To do |
Word for word, set down every line of the entries below from the line with "1aTTack.de 1 x" to the line with "Black crude oil", including both, and no other line.

Data provided |
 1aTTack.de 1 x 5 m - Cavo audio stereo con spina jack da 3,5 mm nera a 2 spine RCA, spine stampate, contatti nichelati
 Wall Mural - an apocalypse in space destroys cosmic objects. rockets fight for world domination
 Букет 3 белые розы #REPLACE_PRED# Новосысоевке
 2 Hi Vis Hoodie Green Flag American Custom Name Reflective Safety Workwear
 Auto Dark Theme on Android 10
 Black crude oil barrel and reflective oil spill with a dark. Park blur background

...

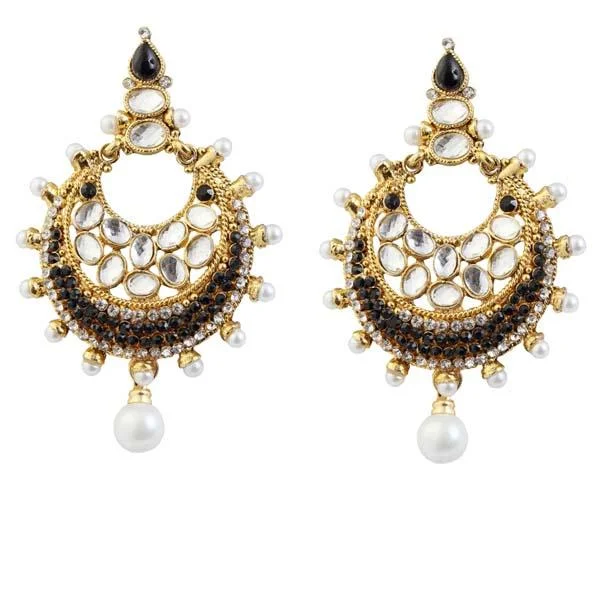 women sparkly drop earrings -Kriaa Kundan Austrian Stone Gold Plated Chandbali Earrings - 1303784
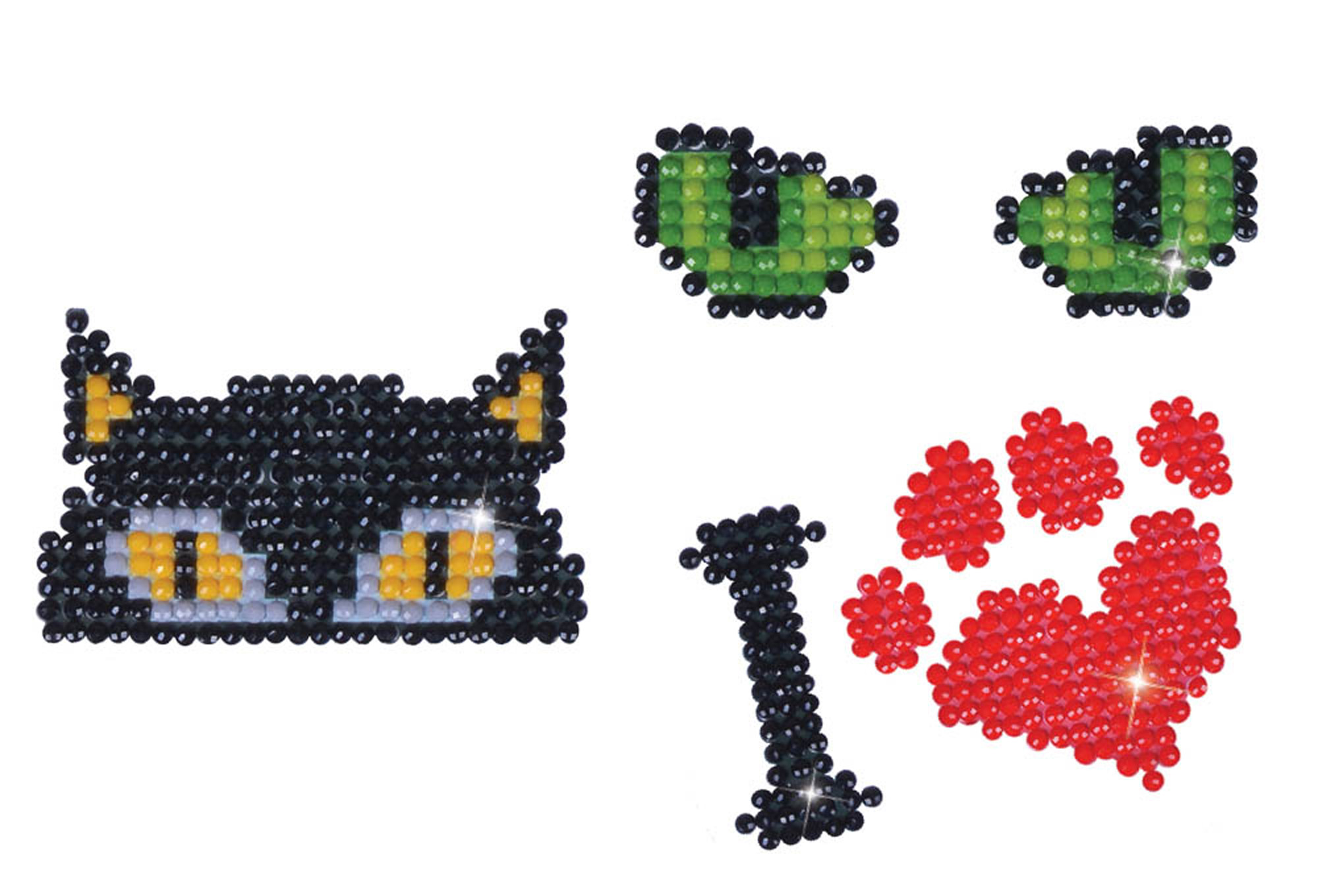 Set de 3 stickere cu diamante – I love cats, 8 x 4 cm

Task result |
 1aTTack.de 1 x 5 m - Cavo audio stereo con spina jack da 3,5 mm nera a 2 spine RCA, spine stampate, contatti nichelati
 Wall Mural - an apocalypse in space destroys cosmic objects. rockets fight for world domination
 Букет 3 белые розы #REPLACE_PRED# Новосысоевке
 2 Hi Vis Hoodie Green Flag American Custom Name Reflective Safety Workwear
 Auto Dark Theme on Android 10
 Black crude oil barrel and reflective oil spill with a dark. Park blur background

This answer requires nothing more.